Whenever they fight, he brings up that one incident with the girl in the library and he redirects the fight to that issue. He uses it as his default weapon in every single fight, which means that there’s something about that incident that is just festering inside of him—and that, right there, is the death of any given relationship. If there is something you can’t get over but aren’t strong enough to deal with, your relationship is already dead; it’s just waiting for the toe-tag.

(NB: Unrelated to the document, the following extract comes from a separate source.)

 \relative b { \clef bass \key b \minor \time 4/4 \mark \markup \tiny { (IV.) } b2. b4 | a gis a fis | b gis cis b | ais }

Marten isn’t just passive, he’s passive-aggressive. He doesn’t know how to deal with things so he lets them fester until they either go away or explode—either way, he doesn’t have to take responsibility for it. Even with Dora, he was fine having the same old fight again and again until
she called it quits. Marten’s fear of actually taking responsibility for himself and his life is his defining characteristic—and here’s the thing that’s led to most of the more bitter entries in this discussion: that’s what most of us are like, too. That’s why we
want him to be right. That’s why we
want him to come out on top without having to change and take control of his life. But it isn’t healthy—for him or for us.

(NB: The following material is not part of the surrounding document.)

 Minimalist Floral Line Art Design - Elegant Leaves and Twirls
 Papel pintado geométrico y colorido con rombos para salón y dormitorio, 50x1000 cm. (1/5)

The quest at the heart of this comic is Marten growing up and learning to deal with the crap that life throws at him. He’s a path-of-least-resistance guy who’s not doing anything of value with his life, which is why he’s stagnating. He’s trapped in that mid-20’s “I’ve got nothing but potential, and I don’t want to lose
this opportunity by taking advantage of
that one” mindset. Hell, I don’t want to extend an already overly-long post by getting into it here, but that’s probably the biggest challenge for anyone of Jeph’s (and my) generation.
Dora and Marten are both good people who happen to have problems. Her problems are more overt, but his are serious, too. Most of all, though, so far
they’ve managed not to bicker back and forth with a lot of painful recriminations, so surely we can manage that, too, don’t you think?